[Task statement]: Scan the entries and copy each line where the word "WiFi" is present.

[Task input]:
------------------------------------------------------------

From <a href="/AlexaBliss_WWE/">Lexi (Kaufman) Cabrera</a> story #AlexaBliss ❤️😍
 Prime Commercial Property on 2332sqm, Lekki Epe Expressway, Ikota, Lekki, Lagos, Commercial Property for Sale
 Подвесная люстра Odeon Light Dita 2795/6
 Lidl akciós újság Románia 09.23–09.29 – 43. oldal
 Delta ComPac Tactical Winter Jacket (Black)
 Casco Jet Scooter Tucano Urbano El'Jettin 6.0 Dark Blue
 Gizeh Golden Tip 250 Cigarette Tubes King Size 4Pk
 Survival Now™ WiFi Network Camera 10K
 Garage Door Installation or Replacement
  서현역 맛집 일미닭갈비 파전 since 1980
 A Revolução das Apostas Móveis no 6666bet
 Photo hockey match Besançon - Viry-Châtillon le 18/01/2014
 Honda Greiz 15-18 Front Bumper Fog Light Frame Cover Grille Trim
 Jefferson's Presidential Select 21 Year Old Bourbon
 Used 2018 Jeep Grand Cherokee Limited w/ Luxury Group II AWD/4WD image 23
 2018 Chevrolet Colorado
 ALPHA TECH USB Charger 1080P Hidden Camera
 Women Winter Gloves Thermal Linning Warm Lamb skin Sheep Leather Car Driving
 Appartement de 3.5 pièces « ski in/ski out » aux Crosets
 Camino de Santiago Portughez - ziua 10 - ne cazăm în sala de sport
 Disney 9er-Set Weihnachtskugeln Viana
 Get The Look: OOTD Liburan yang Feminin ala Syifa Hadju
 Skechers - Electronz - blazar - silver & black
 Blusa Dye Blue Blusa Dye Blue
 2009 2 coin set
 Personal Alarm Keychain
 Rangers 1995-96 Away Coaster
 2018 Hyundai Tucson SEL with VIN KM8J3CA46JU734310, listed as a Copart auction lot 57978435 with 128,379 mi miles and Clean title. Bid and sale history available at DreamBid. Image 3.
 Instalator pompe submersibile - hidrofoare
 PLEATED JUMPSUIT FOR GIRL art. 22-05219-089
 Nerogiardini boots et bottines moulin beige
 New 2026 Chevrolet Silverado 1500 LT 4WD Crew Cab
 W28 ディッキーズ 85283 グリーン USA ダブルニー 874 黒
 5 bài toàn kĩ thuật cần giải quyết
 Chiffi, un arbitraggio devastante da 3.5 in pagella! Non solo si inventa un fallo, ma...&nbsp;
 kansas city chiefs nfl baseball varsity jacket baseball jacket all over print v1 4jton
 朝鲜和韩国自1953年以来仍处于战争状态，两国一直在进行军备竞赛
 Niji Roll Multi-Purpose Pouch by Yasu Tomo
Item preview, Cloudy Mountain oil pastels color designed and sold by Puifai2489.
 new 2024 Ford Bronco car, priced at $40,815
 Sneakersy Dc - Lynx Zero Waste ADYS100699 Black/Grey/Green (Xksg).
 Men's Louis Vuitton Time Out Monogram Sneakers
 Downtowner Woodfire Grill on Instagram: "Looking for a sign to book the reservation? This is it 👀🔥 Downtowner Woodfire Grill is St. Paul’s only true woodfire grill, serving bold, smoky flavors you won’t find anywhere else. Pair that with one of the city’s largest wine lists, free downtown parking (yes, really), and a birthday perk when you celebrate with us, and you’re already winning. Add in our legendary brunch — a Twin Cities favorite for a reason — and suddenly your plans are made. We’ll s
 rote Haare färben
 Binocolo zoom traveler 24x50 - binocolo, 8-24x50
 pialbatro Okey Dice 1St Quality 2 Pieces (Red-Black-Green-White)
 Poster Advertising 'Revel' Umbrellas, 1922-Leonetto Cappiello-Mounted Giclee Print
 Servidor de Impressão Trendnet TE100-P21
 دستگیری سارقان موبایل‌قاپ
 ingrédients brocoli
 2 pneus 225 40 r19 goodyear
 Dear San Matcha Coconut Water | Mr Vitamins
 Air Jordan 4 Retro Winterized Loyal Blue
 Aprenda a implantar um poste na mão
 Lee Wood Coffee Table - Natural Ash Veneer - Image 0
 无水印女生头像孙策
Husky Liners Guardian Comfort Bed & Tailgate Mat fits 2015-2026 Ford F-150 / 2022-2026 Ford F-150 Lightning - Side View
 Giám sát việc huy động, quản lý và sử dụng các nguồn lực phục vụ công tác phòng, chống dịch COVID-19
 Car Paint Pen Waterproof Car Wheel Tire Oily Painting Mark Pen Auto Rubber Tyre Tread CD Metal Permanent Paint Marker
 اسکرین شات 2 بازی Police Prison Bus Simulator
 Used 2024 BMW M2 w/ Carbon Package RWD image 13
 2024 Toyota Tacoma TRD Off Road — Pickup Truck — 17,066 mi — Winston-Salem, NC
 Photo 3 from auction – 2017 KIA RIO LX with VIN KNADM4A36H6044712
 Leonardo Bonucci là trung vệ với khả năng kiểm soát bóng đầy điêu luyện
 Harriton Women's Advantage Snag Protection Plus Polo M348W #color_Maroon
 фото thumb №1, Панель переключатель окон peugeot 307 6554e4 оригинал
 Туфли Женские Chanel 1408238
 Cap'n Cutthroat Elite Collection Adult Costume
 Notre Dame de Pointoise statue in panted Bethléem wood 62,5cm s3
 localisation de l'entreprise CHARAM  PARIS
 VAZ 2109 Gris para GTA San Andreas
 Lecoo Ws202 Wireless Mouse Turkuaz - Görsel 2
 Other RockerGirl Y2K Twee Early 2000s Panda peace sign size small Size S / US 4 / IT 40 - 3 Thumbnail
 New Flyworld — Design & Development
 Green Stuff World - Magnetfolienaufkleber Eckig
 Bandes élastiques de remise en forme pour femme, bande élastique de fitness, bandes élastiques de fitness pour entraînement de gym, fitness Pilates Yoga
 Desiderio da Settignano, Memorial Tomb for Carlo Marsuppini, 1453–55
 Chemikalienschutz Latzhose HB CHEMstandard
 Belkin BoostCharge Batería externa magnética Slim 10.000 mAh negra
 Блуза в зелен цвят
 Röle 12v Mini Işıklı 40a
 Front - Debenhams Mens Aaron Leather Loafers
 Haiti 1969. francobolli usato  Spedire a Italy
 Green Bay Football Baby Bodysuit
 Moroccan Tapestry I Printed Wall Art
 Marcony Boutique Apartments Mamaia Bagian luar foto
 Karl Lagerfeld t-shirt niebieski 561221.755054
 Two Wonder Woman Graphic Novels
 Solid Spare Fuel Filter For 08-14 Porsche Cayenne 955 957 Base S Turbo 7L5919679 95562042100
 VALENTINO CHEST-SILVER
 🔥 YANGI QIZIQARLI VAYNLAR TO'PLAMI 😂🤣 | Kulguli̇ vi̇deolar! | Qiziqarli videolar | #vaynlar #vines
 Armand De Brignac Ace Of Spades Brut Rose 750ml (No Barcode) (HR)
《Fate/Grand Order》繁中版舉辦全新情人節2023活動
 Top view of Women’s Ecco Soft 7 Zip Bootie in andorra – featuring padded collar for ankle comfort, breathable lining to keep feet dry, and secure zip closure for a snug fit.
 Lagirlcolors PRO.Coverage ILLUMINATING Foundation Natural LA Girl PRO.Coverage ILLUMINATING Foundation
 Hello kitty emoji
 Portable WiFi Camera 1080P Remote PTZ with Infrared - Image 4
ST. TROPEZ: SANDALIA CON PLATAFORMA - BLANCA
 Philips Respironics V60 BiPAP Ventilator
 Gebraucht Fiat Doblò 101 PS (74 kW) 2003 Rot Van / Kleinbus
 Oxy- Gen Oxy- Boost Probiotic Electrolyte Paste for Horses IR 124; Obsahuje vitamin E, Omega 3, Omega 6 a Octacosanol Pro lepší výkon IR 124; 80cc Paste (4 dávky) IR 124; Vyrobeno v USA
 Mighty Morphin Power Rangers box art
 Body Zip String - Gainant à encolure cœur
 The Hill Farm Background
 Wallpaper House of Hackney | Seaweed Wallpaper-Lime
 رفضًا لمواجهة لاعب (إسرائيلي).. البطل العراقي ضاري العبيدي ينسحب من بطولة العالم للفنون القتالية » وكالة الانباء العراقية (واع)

------------------------------------------------------------

[Reply to the exercise]:
 Survival Now™ WiFi Network Camera 10K
 Portable WiFi Camera 1080P Remote PTZ with Infrared - Image 4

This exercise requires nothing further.